Se distrajo oyendo discutir al dueño,
que al tiempo acomodaba y desacomodaba papeles y billetes en el cajón de madera
de la clásica registradora, con Gildardo y una de las muchachas; con ésta como
siempre por plata, tumbándola, según su principio de equilibrar la robadera, y
con aquél, por el mugrero de los orinales, ignorados con desidia por quien
durante el día también ejercía de embolador entre la clientela.

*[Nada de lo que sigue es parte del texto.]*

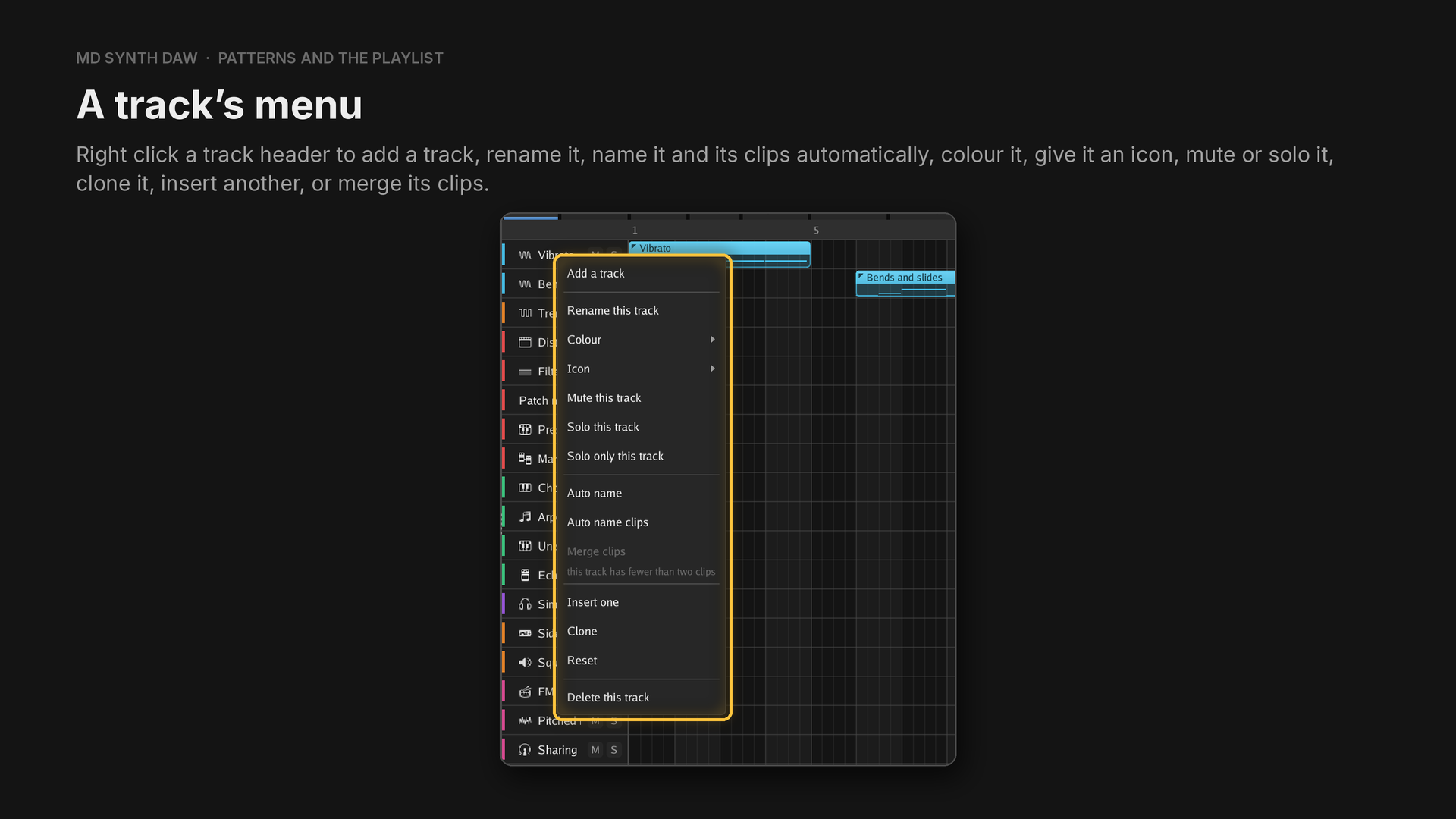 A track header's menu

“...Hay que hablar de una con La Ñata,
-piensa distraído-, porque se va a acabar esa vaina tan tenaz de que se tenga que joder de esa manera para
levantar esos muchachitos, que ni ella sabe quienes son los papás, porque
seguro que no son los dos del mismo papá, y que insiste empecinada en criarlos
como hijos de rico; que de eso también está segura, de que los papás son gente
rica, por la sencilla razón de que ella no se lo ha dado en la vida sino a
ricos, a doctores, y si usted pregunta nunca va a encontrar ningún pobre
pelagatos que pueda decir que le cogió a
La Ñata aunque sea una teta... Hay que hablar de una vez con ella porque se
tiene que acabar por lo menos lo del puteadero, que una cosa es aguantarse uno
cuando le mandan la mano o le dicen barbaridades los clientes del café, y otra
muy distinta y muy maluca tenerla que dejar al amanecer en un prostíbulo, donde
además la que se gana el billete grande es la arpía de Olivia, que siendo la
que mejor paga no les da ni el veinte por ciento a las pobres viejas... Yo le
puedo ayudar con buena parte de esa plata mensual, y me toca cerrar los ojos y
tragarme las palabras de que yo no sostengo hijos ajenos, pero es que con La
Ñata es distinto. Una mujer tan verraca y tan buena no se encuentra así no
más...”
MEJOR ASÍ
Siempre lo mismo al abrir los ojos. Deslumbramiento.
Pero no el de la mucha luz de la única ventana, que ataca la retina, sino el de
la gélida sensación de la vida en vano, que encandila el alma; ese resplandor
de la angustia por lo que lo espera. La cachetada de estar a merced de lo que sea
que vaya a pasarle, la insoportable realidad de estar otra vez en sano juicio.
Fija la mirada desquiciada en la mancha de humedad del cielorraso, que parece
una telaraña sicodélica, mientras decide levantarse, o se sienta capaz de
hacerlo... La fatiga del hambre le perfora la boca del estómago y no lo deja
enderezar, y la boca la siente como de piedra pómez. Agua. Se pega de la llave
como de una helada teta metálica. El lavamanos, como todo, vuelto mierda...
En la mesa -único mueble de la pieza
con el taburete de vaqueta peluda y el colchón en el suelo- está abierta la libreta de apuntes al lado
del plato lleno de picadura de cigarrillos y ceniza. Nada sabe de cómo llegó
anoche. No sabe siquiera si estuvo en la mesa antes que en la cama, o si lo
pusieron en ésta quienes lo trajeron, o si llegó solo... De pronto está la respuesta
en la libreta: “En los terrenos sagrados del arte sólo es aceptable la búsqueda
obsesiva de la perfección...” La letra es firme, y suyo el concepto, pero... ¡Qué carajo!, qué importa acordarse de cualquier cosa o de nada. Mejor así.